We had to Lien this car.. For Sale now on Ebay.

Honda : Civic : eBay Motors (item 150440258966 end time May-06-10 23:04:27 PDT)


----------



## NOFATTYS

not that im interested, but how much is the reserve?


----------



## tinctorus

What do you mean you had to "lien" the car??? As in you guys did all the work and then the kid couldnt pay so you got to put a mechanics lien on it?? If so thats funny stuff right there


----------



## chad

tinctorus said:


> What do you mean you had to "lien" the car??? As in you guys did all the work and then the kid couldnt pay so you got to put a mechanics lien on it?? If so thats funny stuff right there


given the description on ebay... Yep! :laugh:


----------



## dman

NOFATTYS said:


> not that im interested, but how much is the reserve?


Low for those not interested, even lower for those that are


----------



## mmiller

NOFATTYS said:


> not that im interested, but how much is the reserve?


Maybe using the PM System would be a better idea for you????? Maybe you actually get an answer.. Just a Thought.


----------



## dman

tinctorus said:


> What do you mean you had to "lien" the car??? As in you guys did all the work and then the kid couldnt pay so you got to put a mechanics lien on it?? If so thats funny stuff right there


Yes, unfortunately thats what happened... Long story, but here is short version...

Kid wanted all this work done, mom was paying, she paid us a little to start, then a little more while doing, she would come in and out, says stop work on car, cause son acting a fool or what ever, then start again, then stop, then start, and then we finish car, well 99%, we kept calling, come get car and please pay us.... no calls back, after about 6-8 months of this , were like listen please come get car, I will give you deal, will take less just to get car out of here, she says dont have money right now, can i take car, pay later, i say no, pay or car stays, another 6 months go by i keep calling. im like listen just make payments and once paid, car can leave, still no calls, every once in while i catch them on phone, they say oh, call you back, still no calls, i finally say fine, contacted title company, say i got car, not fully paid for, they say bring paperwork, i bring down, they file LIEN, i wait 30 days to finalize with state, car now mine, i dont want, just want some money back out of job, car for sale....

Damn im sweating... I tried to make short......


----------



## dman

As a quick follow up... Not real funny to me, as i dont ever like to do stuff like that... I mean i tried everything for over a year to work this out... I understand if people can have a tough time, but heck i would have taken $50 week just to work out. may not be much, but when you just outright dont talk with me, what is a business supposed to do..

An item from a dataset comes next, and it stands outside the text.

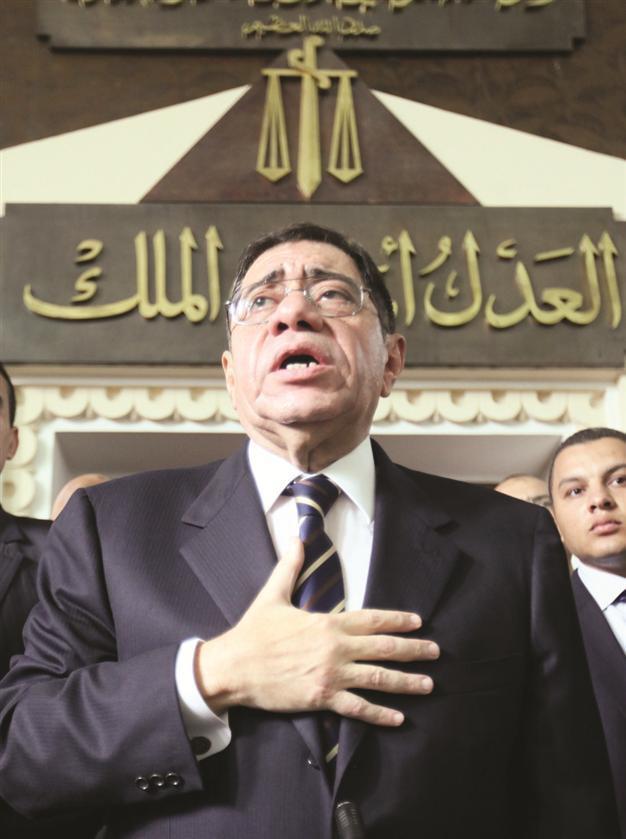 Morsi bows to prosecutor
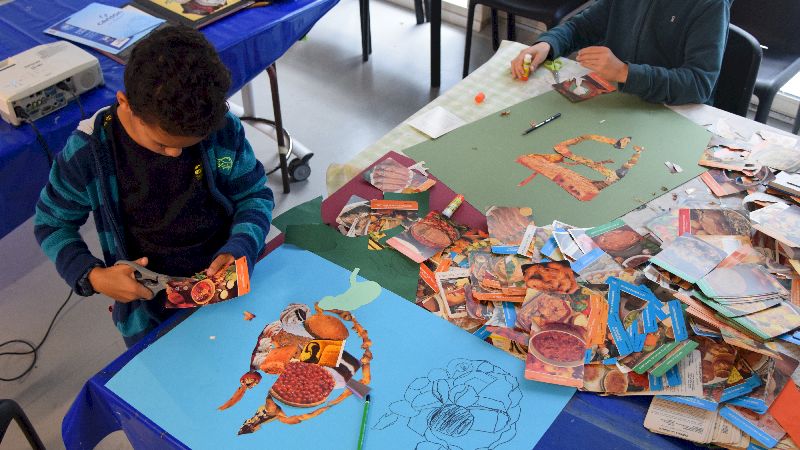 Les enfants de 5 à 7 ans ont rendez-vous au musée des Beaux-Arts pour créer leur propre affiche de film à partir de découpage et collage.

I had to do basically same thing for a big local radio station, only they had vehicle on a trade agreement for advertising, I had it all on a full 30 page contract, they fell through on their end, I went and repo'd vehicle right from their worksite... They had to pay me full price on custom work..... The laws the law. And a contract signed is firm as hell.... With a repo, you take vehicle, and you can sell at private auction and dont even have to notify the owner... Any shop out there that wants to do this type of agreement for advertising or any type of trade, i would be happy to send you copy of my contract i made up, covers your rights to a tee so you dont get screwed.


----------



## slowimpreza

dman said:


> As a quick follow up... Not real funny to me, as i dont ever like to do stuff like that... I mean i tried everything for over a year to work this out... I understand if people can have a tough time, but heck i would have taken $50 week just to work out. may not be much, but when you just outright dont talk with me, what is a business supposed to do..
> 
> I had to do basically same thing for a big local radio station, only they had vehicle on a trade agreement for advertising, I had it all on a full 30 page contract, they fell through on their end, I went and repo'd vehicle right from their worksite... They had to pay me full price on custom work..... The laws the law. And a contract signed is firm as hell.... With a repo, you take vehicle, and you can sell at private auction and dont even have to notify the owner... Any shop out there that wants to do this type of agreement for advertising or any type of trade, i would be happy to send you copy of my contract i made up, covers your rights to a tee so you dont get screwed.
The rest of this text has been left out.